> What is expected:
Reproduce the material below only from the line with "Breeze Hill, Tyn-Y-Gongl, LL74, photo 10" to the line with "23 Maurovista Court, Whitchurch-Stouffville, York", both included, keeping each line exact and dropping the pictures.

> Task material:

◇ ◇ ◇

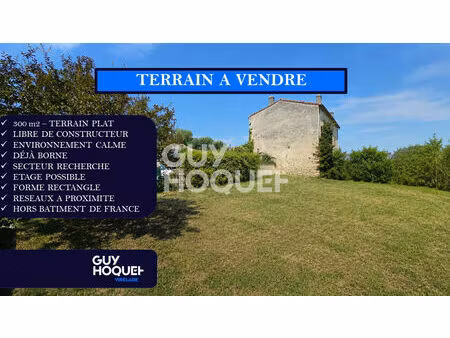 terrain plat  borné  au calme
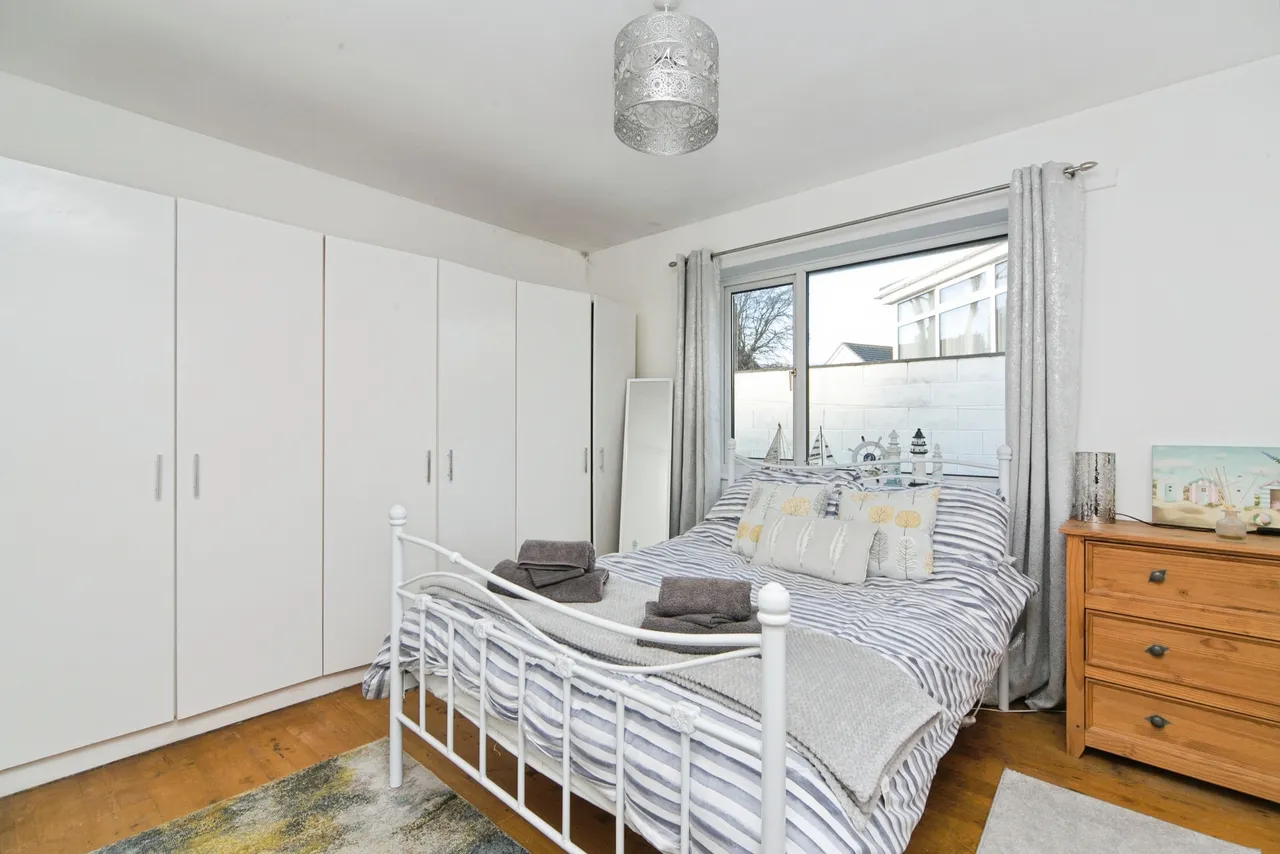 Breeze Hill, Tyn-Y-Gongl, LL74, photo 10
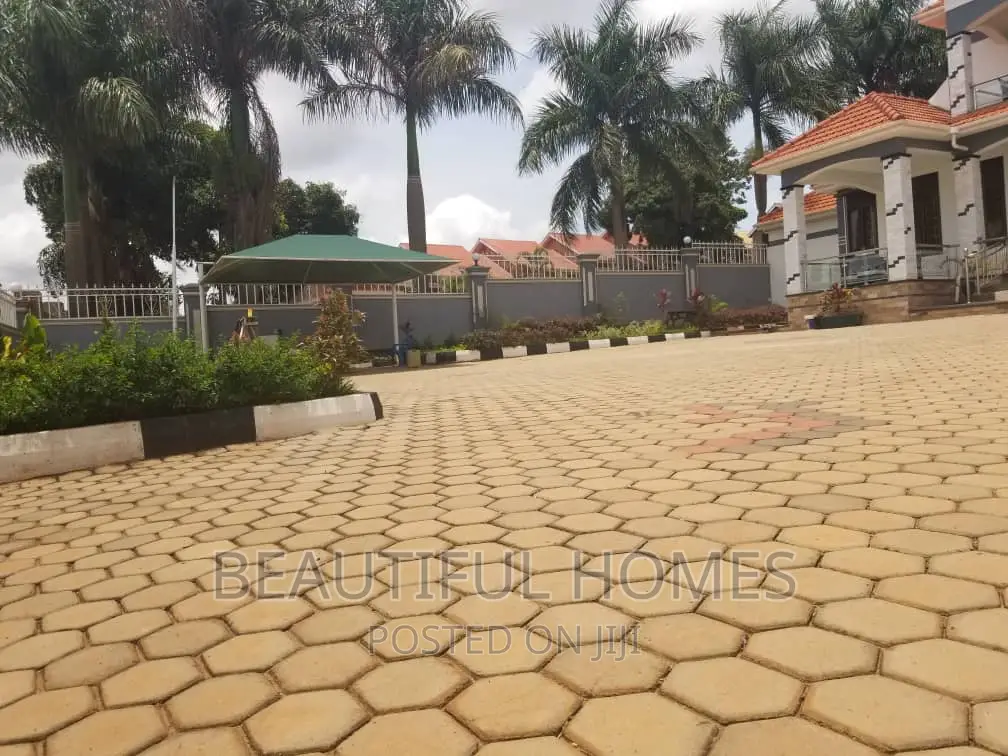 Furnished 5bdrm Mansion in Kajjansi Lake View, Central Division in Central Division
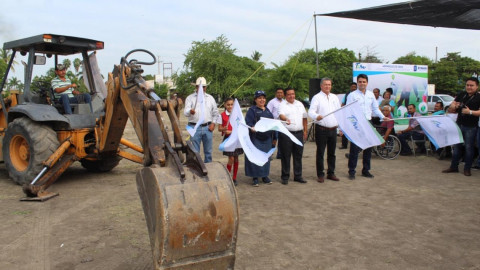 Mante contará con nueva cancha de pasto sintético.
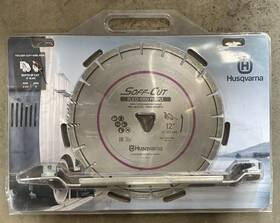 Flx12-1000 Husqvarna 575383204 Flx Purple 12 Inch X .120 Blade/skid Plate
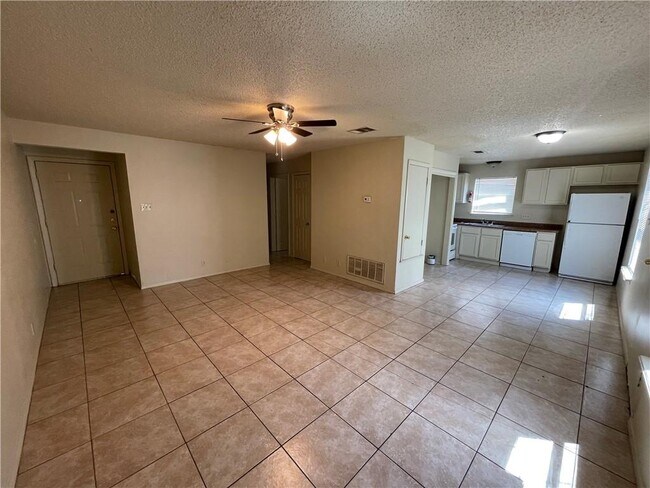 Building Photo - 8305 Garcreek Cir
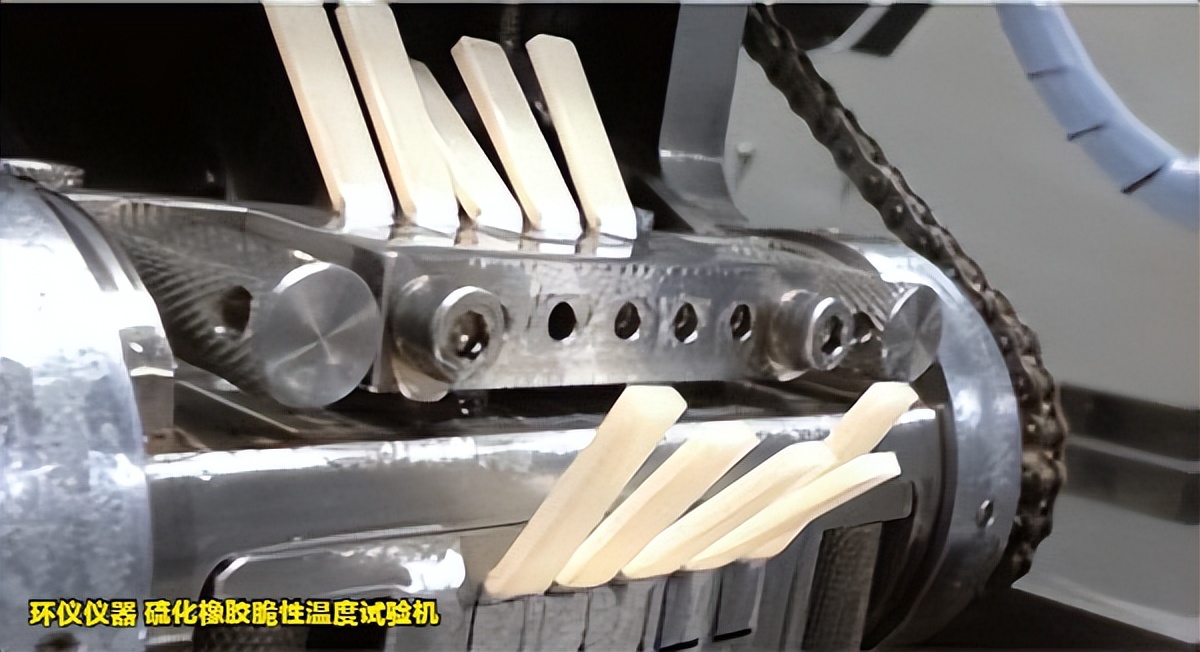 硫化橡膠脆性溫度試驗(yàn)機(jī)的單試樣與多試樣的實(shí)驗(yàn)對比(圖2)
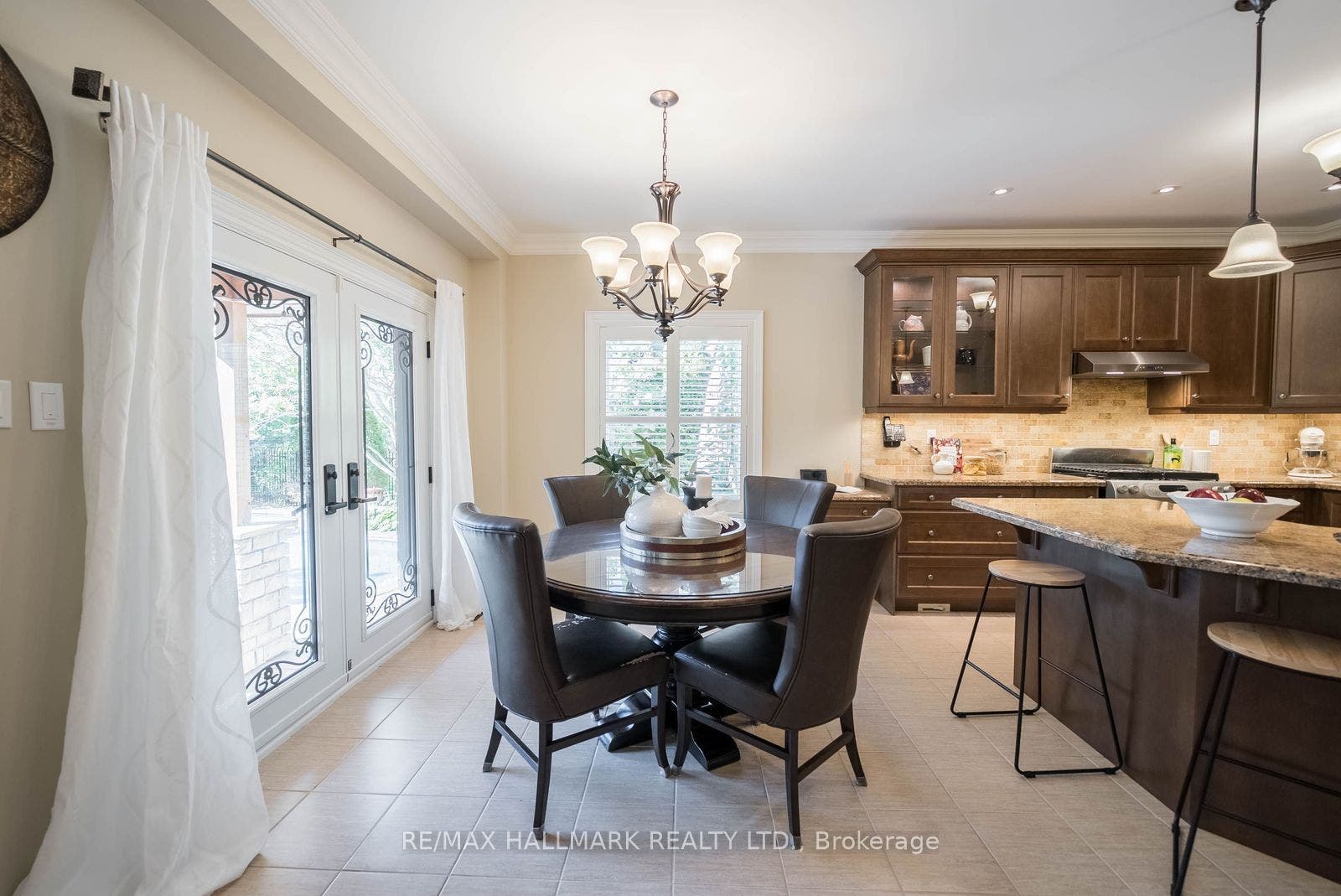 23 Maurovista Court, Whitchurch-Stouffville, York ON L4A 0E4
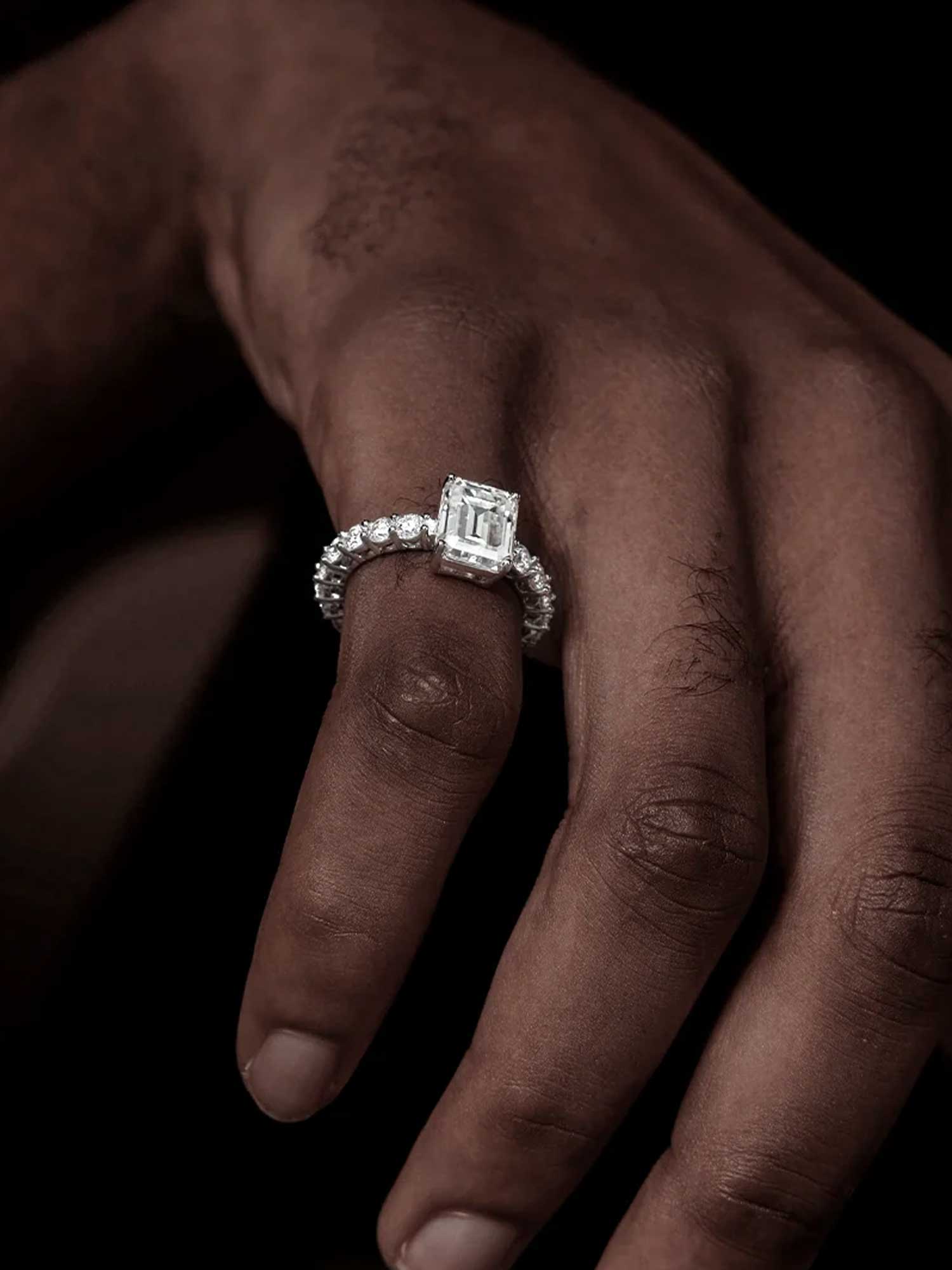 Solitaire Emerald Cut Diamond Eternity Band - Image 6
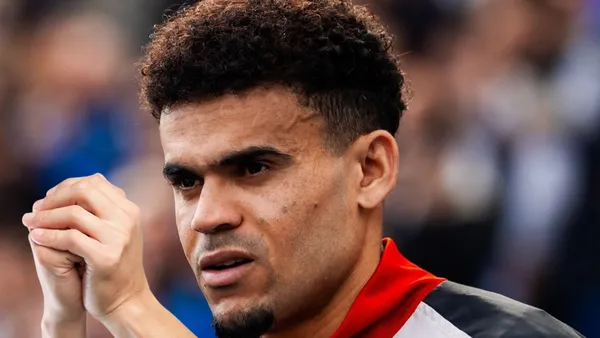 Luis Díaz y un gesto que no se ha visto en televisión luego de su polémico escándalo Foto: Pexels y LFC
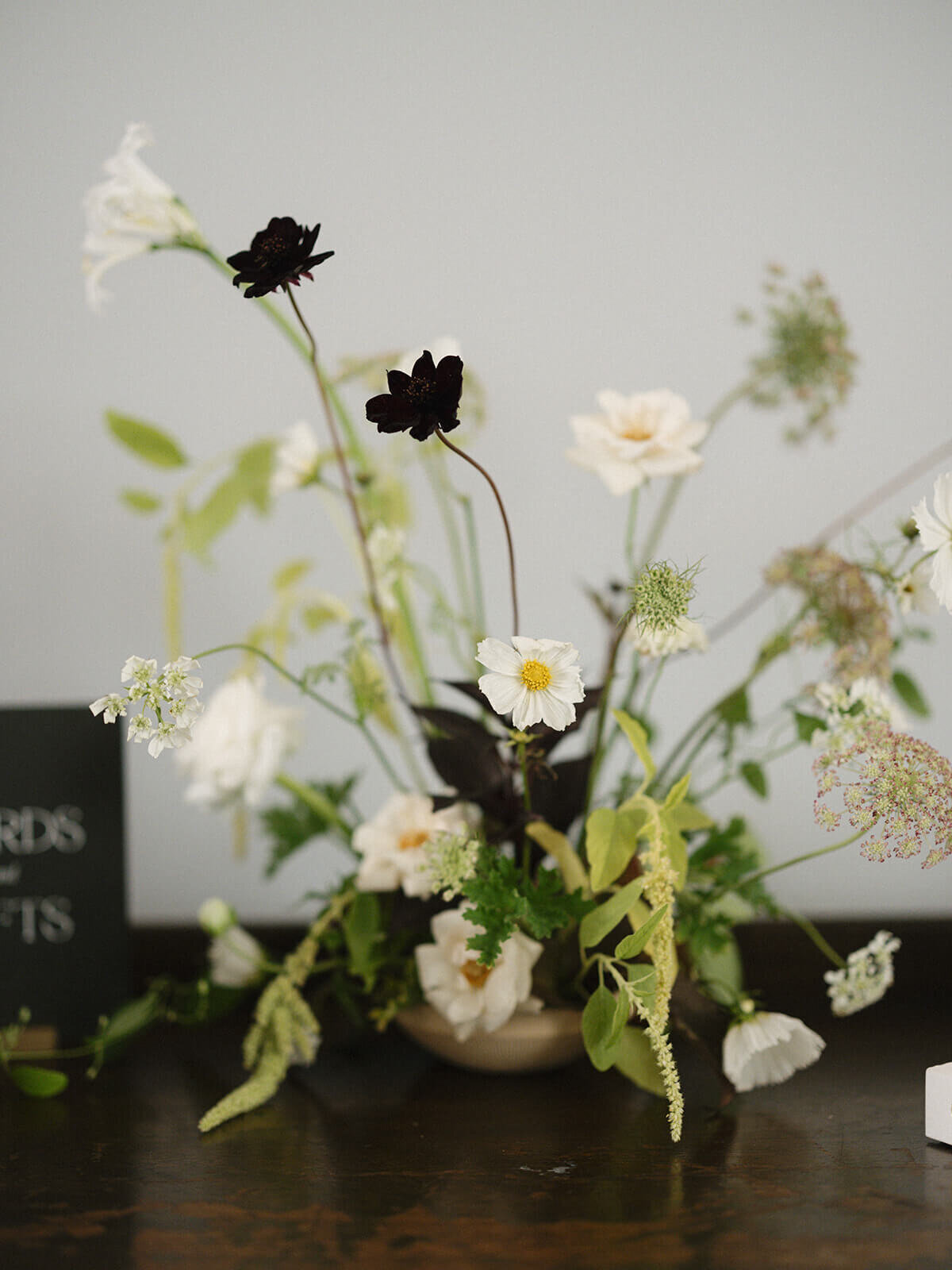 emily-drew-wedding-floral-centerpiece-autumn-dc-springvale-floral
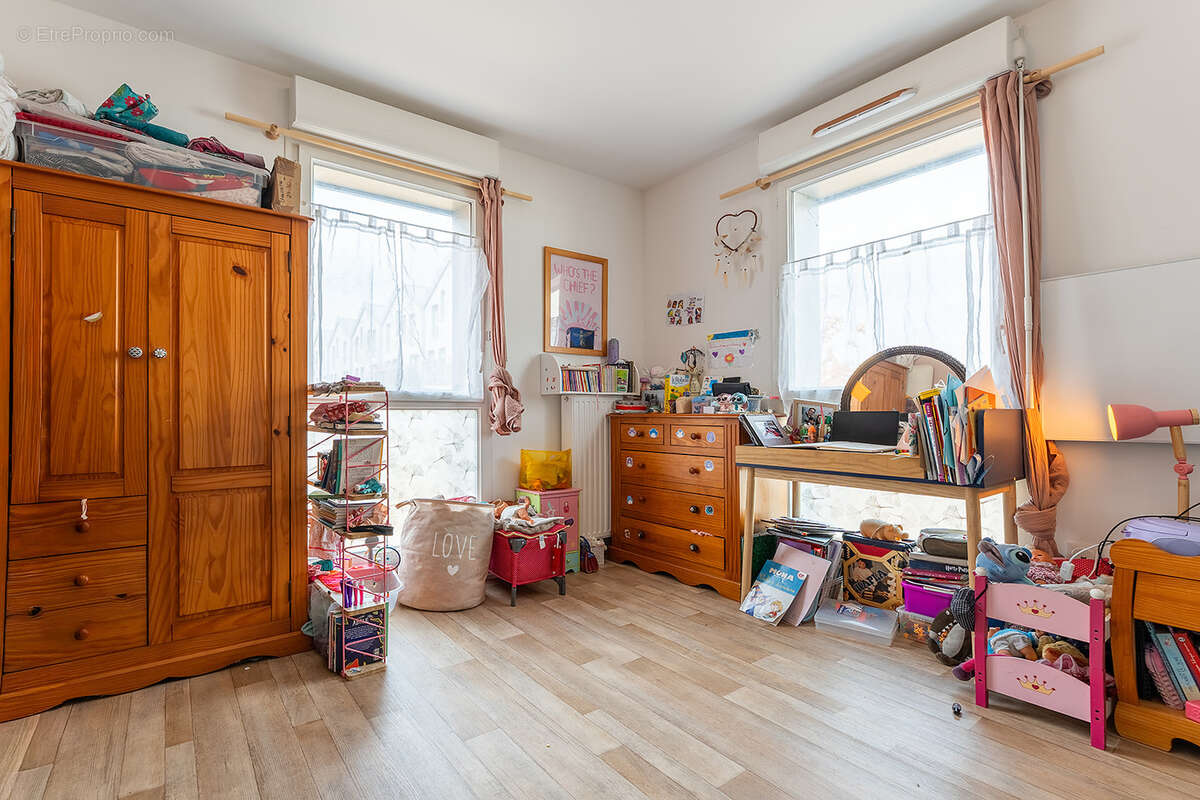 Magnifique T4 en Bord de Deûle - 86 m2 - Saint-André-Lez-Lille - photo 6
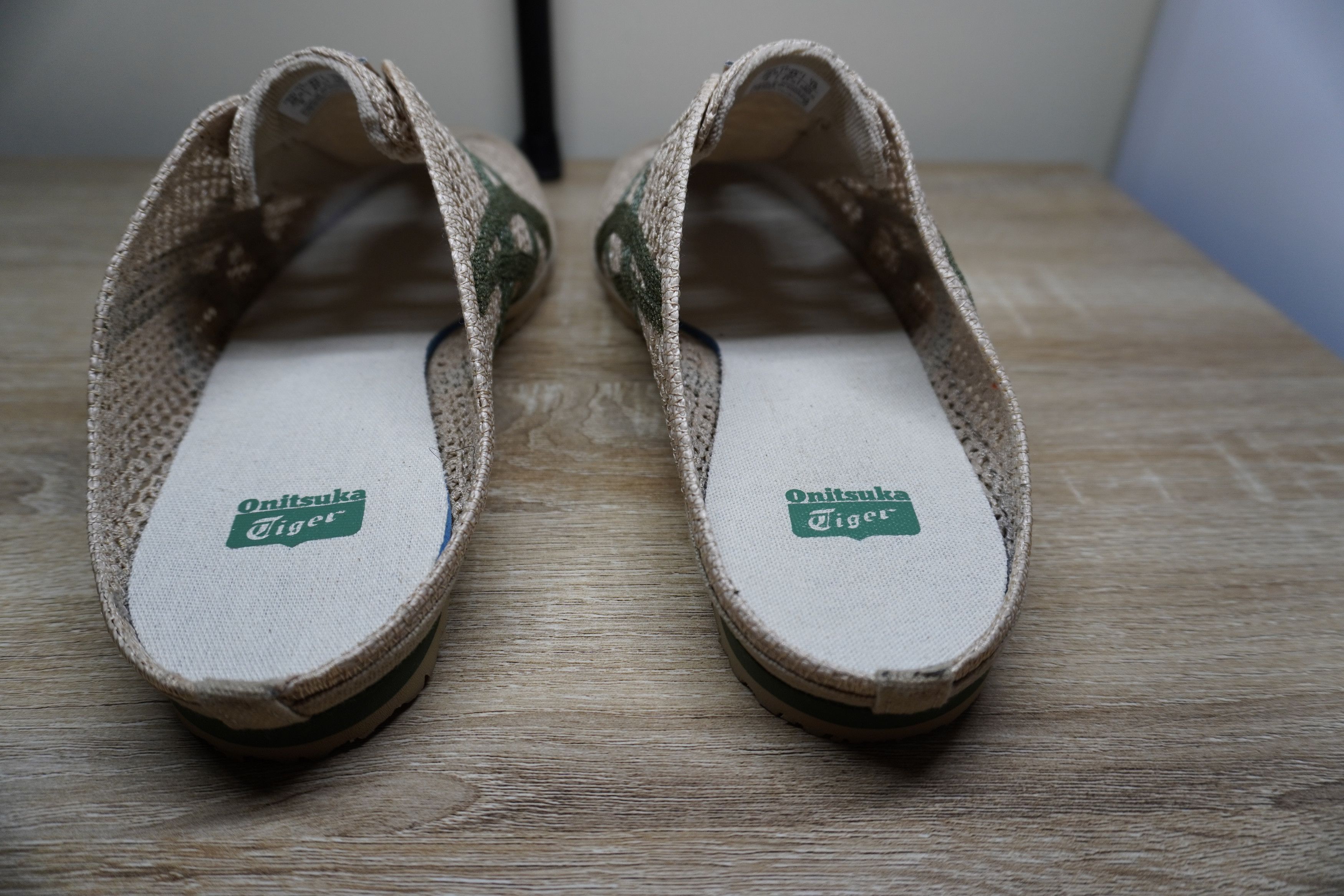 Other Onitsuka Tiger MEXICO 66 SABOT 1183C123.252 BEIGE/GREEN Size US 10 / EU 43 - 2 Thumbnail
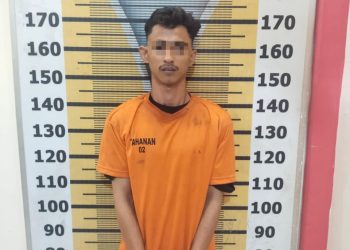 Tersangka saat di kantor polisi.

◇ ◇ ◇

> Solved problem:
 Breeze Hill, Tyn-Y-Gongl, LL74, photo 10
 Furnished 5bdrm Mansion in Kajjansi Lake View, Central Division in Central Division
 Mante contará con nueva cancha de pasto sintético.
 Flx12-1000 Husqvarna 575383204 Flx Purple 12 Inch X .120 Blade/skid Plate
 Building Photo - 8305 Garcreek Cir
 硫化橡膠脆性溫度試驗(yàn)機(jī)的單試樣與多試樣的實(shí)驗(yàn)對比(圖2)
 23 Maurovista Court, Whitchurch-Stouffville, York ON L4A 0E4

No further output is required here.